There are many ways in which the new legislative framework can be worked out. One approach could be to first examine the older legislation, such as the Reserve Bank of India Act, 1934, as amended, and the Banking Regulation Act, 1949, as amended.

The RBI Act was drafted in the context of strong and open animosity between the colonial government in Delhi and the RBI based in Mumbai which was suspected as being too close to the “nationalist interest”. The present RBI Act contains provisions that go back to the animosities of the 1930s. How else does one explain the clauses in the RBI Act that provide legal powers to the government to commit excesses against the RBI top management?

While the colonial government viewed the RBI with great suspicion, hitherto unreleased documents when put in the public domain would provide an effective background to why the government was vested with powers 75 years ago to dismiss the Governor and Deputy Governors without assigning any reason.

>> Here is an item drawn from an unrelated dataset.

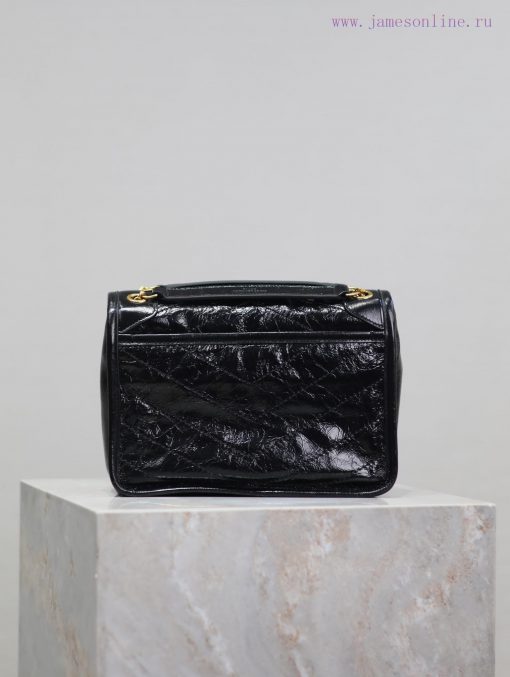 Yves Saint Laurent Bags Black gold buckle oil wax leather 22cmNiki has been updated with a new version that is more n9xwxipu - Image 7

While this may have had some context in 1934, it is unconscionable that these repugnant clauses should remain, despite several amendments.

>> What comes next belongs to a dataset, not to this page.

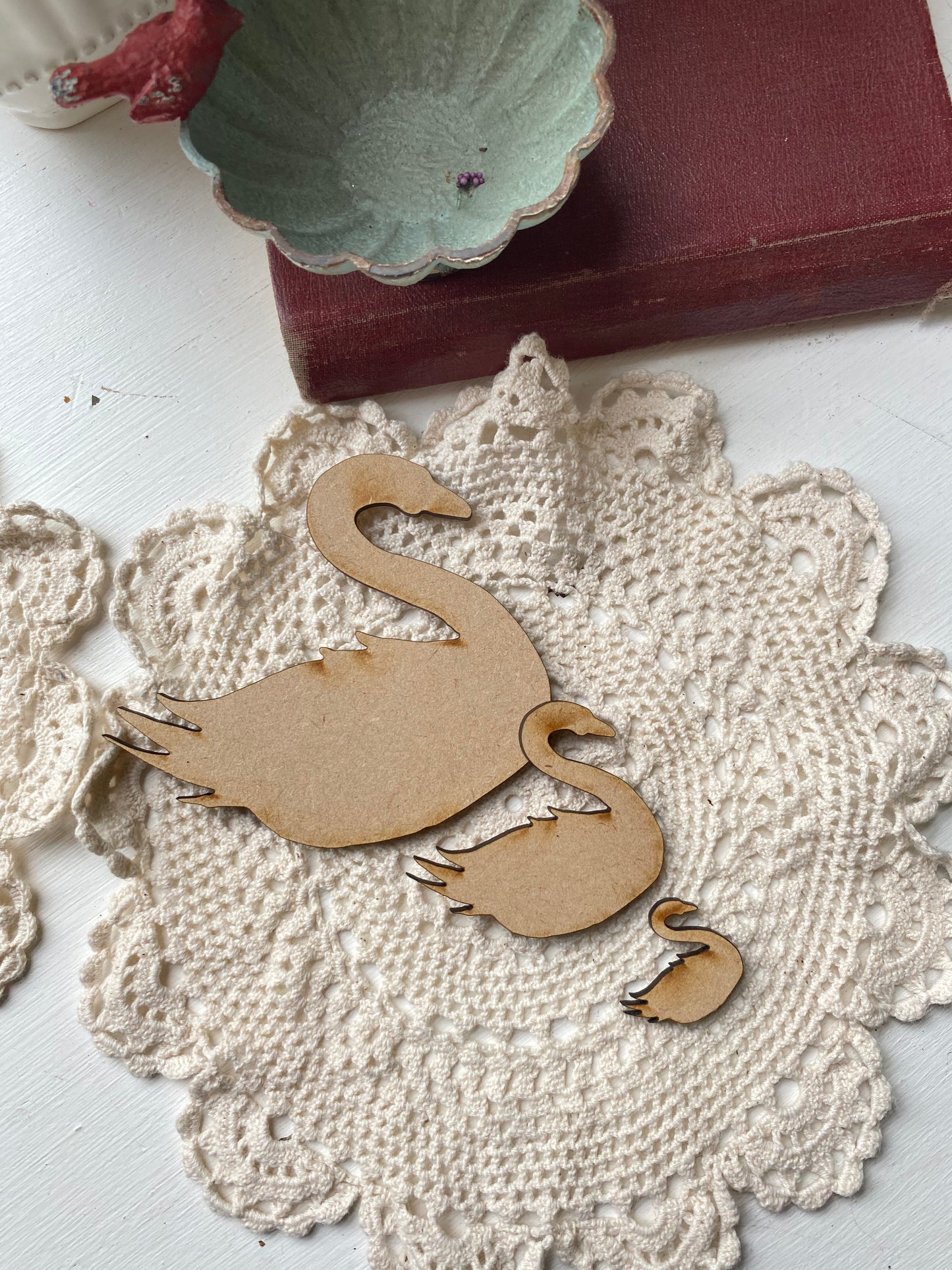Mini Swan Cutout Bundle - Mdf DIY Surface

It is pertinent to note that civil servants have the safeguard of appealing to the Central Administrative Tribunal (CAT), but even today the RBI top management has no such recourse to appeal.

INEFFECTIVE PENALTIES

The cash reserve ratio (CRR) was a powerful instrument of policy with very strong deterrent penalties. The well-intended amendment in the law that no interest can be paid on CRR balances has greatly attenuated this instrument.

With the Bank Rate being consciously kept low and unchanged over the years, the imposition of a penalty based on the low Bank Rate stultifies the whole process of monetary discipline. It is to the credit of the RBI that it has been able to use strong moral suasion while its most potent weapon has been blunted.

In many ways, the RBI has onerous duties without the necessary powers. Both, the RBI Act and the Bank Regulation Act do not provide for meaningful penalties, while in contrast the SEBI Act does provide for “punishment befitting the crime”.

ALLOWING FOR AUTONOMY

The problems are magnified by the fact that three-fourths of the banking system is in the public sector with majority control in the hands of the government. The Commission would need to delineate proprietory interests from regulatory powers. The absence of delineation of powers has greatly attenuated the system and the financial system becomes a hostage of the political process.

Although an enlightened government has respected the Fiscal Responsibility and Budget Management Act, there is a lacuna in the RBI Act in that there is no cross-reference to the two Acts.

The constitution of the RBI Board should be left largely to the Board rather than it being a source for political patronage. Again, there should be a regular periodic rotation of one-third of the Board. There is merit in having a separate dedicated Financial Sector Supervisory Board. The present legislation only allows the membership to be drawn from the RBI Board.

The legislative framework for banking is indeed stultifying. There are different clauses governing private, foreign and public sector banks. What is even more glaring is that even within the public sector banks, there is a proliferation of legislation. There should be a single legislative framework.

That said, the Commission has miles to go.